Austrian war resistor

Anna Goldsteiner (born Anna Stubenvoll: 17 June 1899 - 5 July 1944) was a Viennese resistance activist during World War II. She was executed by German forces.

== Biography ==
Anna Stubenvoll was born in Vienna. She was opposed to the incorporation of Austria into an enlarged German state which took place during the first part of 1938, and made her apartment in Pulkau (some distance to the north of Vienna) available to "Schlurf" activists. According to court documents the activists' objectives included 'eternal faithfulness to [my independent] Austria' and 'the forcible separation of the Alpine-Danube Reichsgau from the Greater German state ("Großdeutsche(n) Reich")'.
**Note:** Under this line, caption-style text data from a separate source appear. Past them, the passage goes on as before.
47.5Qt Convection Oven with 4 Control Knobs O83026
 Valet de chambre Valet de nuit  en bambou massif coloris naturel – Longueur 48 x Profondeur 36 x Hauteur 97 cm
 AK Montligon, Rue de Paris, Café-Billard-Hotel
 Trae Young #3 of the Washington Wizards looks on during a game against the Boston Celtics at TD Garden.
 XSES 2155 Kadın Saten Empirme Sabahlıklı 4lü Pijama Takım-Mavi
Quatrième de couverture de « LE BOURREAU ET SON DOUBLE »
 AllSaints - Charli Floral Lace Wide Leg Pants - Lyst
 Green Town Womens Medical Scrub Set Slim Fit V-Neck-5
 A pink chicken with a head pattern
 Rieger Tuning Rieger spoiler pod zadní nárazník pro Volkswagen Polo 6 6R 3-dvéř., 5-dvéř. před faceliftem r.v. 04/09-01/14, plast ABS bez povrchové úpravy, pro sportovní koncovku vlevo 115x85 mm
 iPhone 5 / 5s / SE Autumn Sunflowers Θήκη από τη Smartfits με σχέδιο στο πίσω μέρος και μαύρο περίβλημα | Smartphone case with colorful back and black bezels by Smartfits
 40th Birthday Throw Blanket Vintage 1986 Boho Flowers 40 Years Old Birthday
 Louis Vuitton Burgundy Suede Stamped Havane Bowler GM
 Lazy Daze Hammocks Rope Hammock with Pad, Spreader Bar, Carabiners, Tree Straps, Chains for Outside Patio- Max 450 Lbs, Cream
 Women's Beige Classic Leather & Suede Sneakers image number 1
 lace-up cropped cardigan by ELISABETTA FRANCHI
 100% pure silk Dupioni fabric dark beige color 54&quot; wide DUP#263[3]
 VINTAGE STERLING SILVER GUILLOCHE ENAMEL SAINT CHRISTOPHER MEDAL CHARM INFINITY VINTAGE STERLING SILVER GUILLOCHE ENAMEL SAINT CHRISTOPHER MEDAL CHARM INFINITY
In December 1943 she was one of 14 members of the group arrested by the Gestapo. They were accused of removing government propaganda posters, preparing explosives attacks and planning to eliminate the Nazi mayor of Pulkau. Anna Goldsteiner faced the district high court in Vienna on 14 April 1944. The charge was the usual one of "preparing to commit high treason and cause military damage". She was sentenced to death, and executed on 5 July 1944.

She is buried in the misleadingly named Vienna Central Cemetery (Plot: Gruppe 40). For convenience, she was buried in the same grave as another of the resistance activists executed at the same time. There was no family connection between the two of them. Anna's husband, Johann Goldsteiner, and their four sons, Rudolf, Franz, Johann and Ernst, all survived the war.

== Personal ==
Anna Stubenvoll married Johann Goldsteiner. The marriage resulted in the birth of four sons.